I love this quote:- If one person says, "I know what will happen to me after my death" you can know with certainty only one thing, and that is, this person has a huge innate fear of death to which they apply, a belief to overcome it. Be aware that if you scratch the surface of such a person's belief you will scratch their fear and, as in all animal nature, their behavior will be unpredictable, aggressive and protective.

We all fear death and the unknown but when it comes we will be ready for it and it will probably come to relieve us of the suffering of life. In between this we will enjoy what we have and value the people we love as worrying about it is wasting the time we have for the people we love.
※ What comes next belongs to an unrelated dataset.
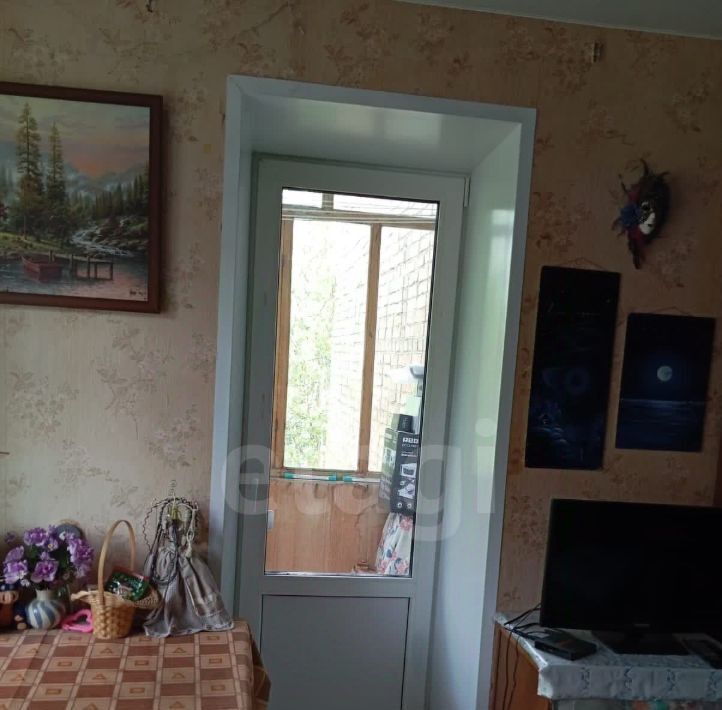 квартира г Ухта ул Крымская 3 фото 5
My advice is study death and it will lose its hold on you.

Take Care

Mee

graham58
30-08-12, 17:45
Oh its nice up Bodmin, I'm down near Penzance with the fishermen :D

Lucky you, it's lovely down there. Mousehole is one of my favourite places anywhere. I had the good fortune to eat Starry Gazey Pie in the Ship Inn in Mousehole, on Tom Bawcock's Eve (Dec 23rd) a few years back.

PanchoGoz
30-08-12, 18:52
Ar its yum

dazzadoo123
30-08-12, 19:33
hi everyone just wanted to say its a big phobia of mine also..im sure it fuels
my anxiety big time :-( think im more scared of it as i have 2 children ect and wanna be with them forever its bizzare i so wish i never feared it and let it
become such a phobia,, ive had it years but lately its been pretty bad i just
understand how bad it is for some of you and just wanted to vent its part of
my anxiety aswell :scared15:
dazza....

Sparkle1984
30-08-12, 20:45
This is my main theme at the moment, it's awful but I'm trying my best to overcome it. Reading some of the previous posts has helped to put my mind at ease, although there will always be doubt as no one knows for sure exactly what happens when someone dies (in the spiritual sense).

Annie-pannie
31-08-12, 13:52
I don't fear my own death but I fear the death of my children. I fear not been able to cope in this life without them. It scares me some days to such an extent that I lose my breath and get major panic attacks.
I just don't know how to deal with this fear as it is something I cannot control. Everytime you read a book on keeping children safe it deals with issues you can control.
How do I overcome my anxiety when their is no guarantee to keep them safe. They say it is not good to think of "what ifs" because if it is going to happen it will - this scares the hell out of me.